*** Extracted entries Section Begins ***

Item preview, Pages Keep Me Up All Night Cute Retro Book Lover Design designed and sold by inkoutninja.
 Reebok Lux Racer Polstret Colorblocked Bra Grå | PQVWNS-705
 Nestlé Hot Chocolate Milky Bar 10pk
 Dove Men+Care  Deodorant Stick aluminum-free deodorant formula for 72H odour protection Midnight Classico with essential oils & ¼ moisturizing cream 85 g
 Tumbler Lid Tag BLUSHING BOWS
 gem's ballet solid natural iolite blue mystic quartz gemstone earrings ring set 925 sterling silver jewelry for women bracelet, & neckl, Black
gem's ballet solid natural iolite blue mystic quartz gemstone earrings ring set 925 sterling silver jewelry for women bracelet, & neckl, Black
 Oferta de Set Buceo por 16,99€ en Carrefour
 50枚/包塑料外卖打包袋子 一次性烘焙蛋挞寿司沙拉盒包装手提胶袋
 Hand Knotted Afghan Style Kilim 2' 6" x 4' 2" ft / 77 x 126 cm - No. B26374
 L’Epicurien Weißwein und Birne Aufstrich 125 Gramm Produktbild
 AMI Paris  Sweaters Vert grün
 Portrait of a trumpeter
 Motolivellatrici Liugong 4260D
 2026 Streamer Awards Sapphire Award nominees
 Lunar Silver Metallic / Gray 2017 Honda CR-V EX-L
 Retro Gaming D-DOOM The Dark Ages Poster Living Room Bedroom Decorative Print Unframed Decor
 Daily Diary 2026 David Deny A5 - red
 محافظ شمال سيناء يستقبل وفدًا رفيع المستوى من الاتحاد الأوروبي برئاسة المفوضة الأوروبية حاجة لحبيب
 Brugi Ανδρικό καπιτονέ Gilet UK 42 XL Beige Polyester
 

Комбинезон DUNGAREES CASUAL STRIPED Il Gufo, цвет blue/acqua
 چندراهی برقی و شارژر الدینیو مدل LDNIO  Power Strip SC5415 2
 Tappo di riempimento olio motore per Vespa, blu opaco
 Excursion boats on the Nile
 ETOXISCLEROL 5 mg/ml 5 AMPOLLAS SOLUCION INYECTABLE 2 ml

*** Extracted entries Section Ends ***

**Work instruction**
Take the entries above and return only the lines from the one with "moisturizing cream 85 g" to the one with "Tappo di riempimento", both included, unchanged.

**Output**
 Dove Men+Care  Deodorant Stick aluminum-free deodorant formula for 72H odour protection Midnight Classico with essential oils & ¼ moisturizing cream 85 g
 Tumbler Lid Tag BLUSHING BOWS
 gem's ballet solid natural iolite blue mystic quartz gemstone earrings ring set 925 sterling silver jewelry for women bracelet, & neckl, Black
gem's ballet solid natural iolite blue mystic quartz gemstone earrings ring set 925 sterling silver jewelry for women bracelet, & neckl, Black
 Oferta de Set Buceo por 16,99€ en Carrefour
 50枚/包塑料外卖打包袋子 一次性烘焙蛋挞寿司沙拉盒包装手提胶袋
 Hand Knotted Afghan Style Kilim 2' 6" x 4' 2" ft / 77 x 126 cm - No. B26374
 L’Epicurien Weißwein und Birne Aufstrich 125 Gramm Produktbild
 AMI Paris  Sweaters Vert grün
 Portrait of a trumpeter
 Motolivellatrici Liugong 4260D
 2026 Streamer Awards Sapphire Award nominees
 Lunar Silver Metallic / Gray 2017 Honda CR-V EX-L
 Retro Gaming D-DOOM The Dark Ages Poster Living Room Bedroom Decorative Print Unframed Decor
 Daily Diary 2026 David Deny A5 - red
 محافظ شمال سيناء يستقبل وفدًا رفيع المستوى من الاتحاد الأوروبي برئاسة المفوضة الأوروبية حاجة لحبيب
 Brugi Ανδρικό καπιτονέ Gilet UK 42 XL Beige Polyester
 

Комбинезон DUNGAREES CASUAL STRIPED Il Gufo, цвет blue/acqua
 چندراهی برقی و شارژر الدینیو مدل LDNIO  Power Strip SC5415 2
 Tappo di riempimento olio motore per Vespa, blu opaco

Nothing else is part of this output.